No pictures go in the copy. Restate, word for word, each line from the one containing "for beauty 100141650" through the last line below.

_Input data_
=======
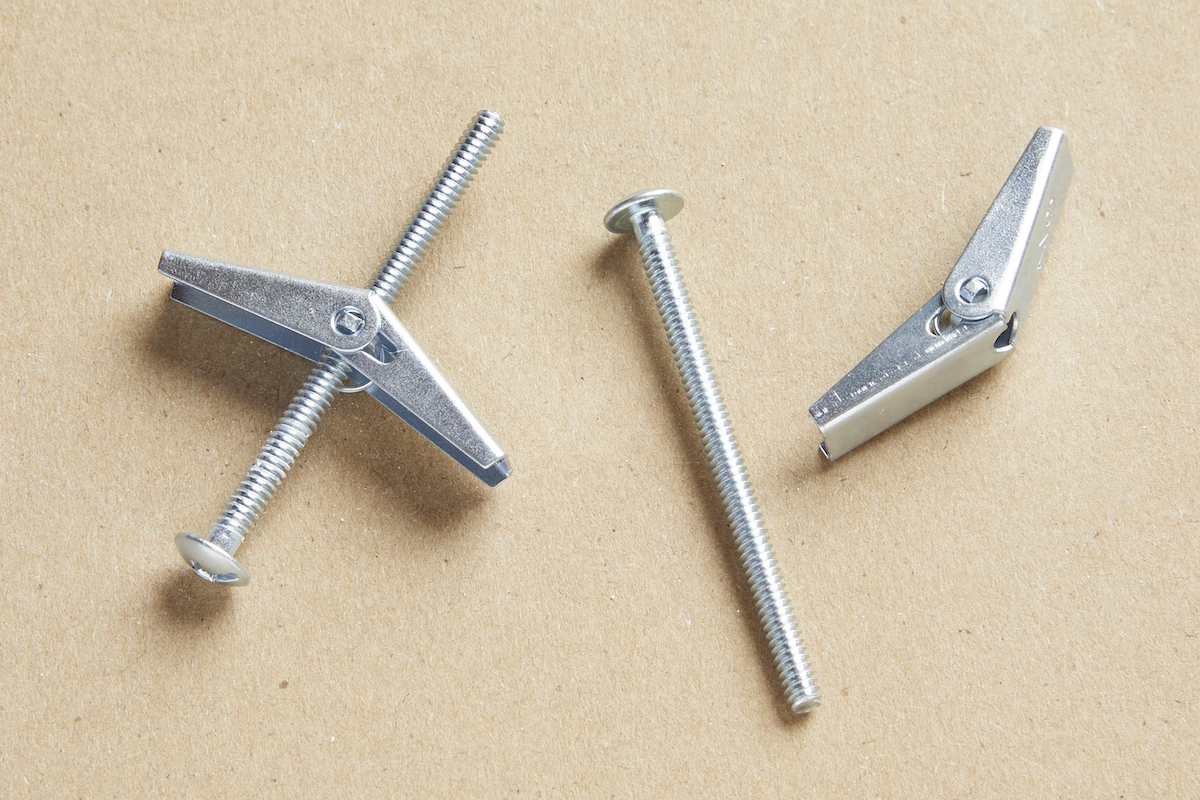 Two toggle bolt drywall anchors against a brown background.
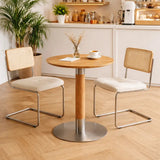 Modern round wood-finish high coffee table with metal pedestal base in a contemporary interior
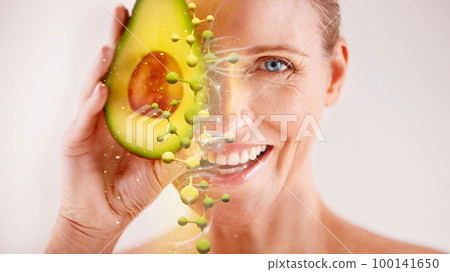 Face, skincare and senior woman with avocado in studio isolated on a gray background. Portrait, cosmetics overlay and happy female model with fruit for nutrition, vitamin c or healthy diet for beauty Face, skincare and senior woman with avocado in studio isolated on a gray background. Portrait, cosmetics overlay and happy female model with fruit for nutrition, vitamin c or healthy diet for beauty 100141650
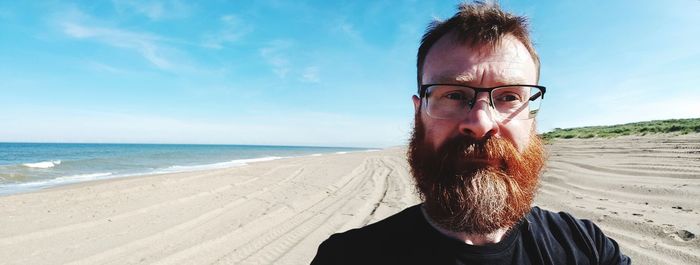 Panoramic view of bearded man wearing eyeglasses at beach against sky during sunny day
=======
_Response below_
 Face, skincare and senior woman with avocado in studio isolated on a gray background. Portrait, cosmetics overlay and happy female model with fruit for nutrition, vitamin c or healthy diet for beauty Face, skincare and senior woman with avocado in studio isolated on a gray background. Portrait, cosmetics overlay and happy female model with fruit for nutrition, vitamin c or healthy diet for beauty 100141650
 Panoramic view of bearded man wearing eyeglasses at beach against sky during sunny day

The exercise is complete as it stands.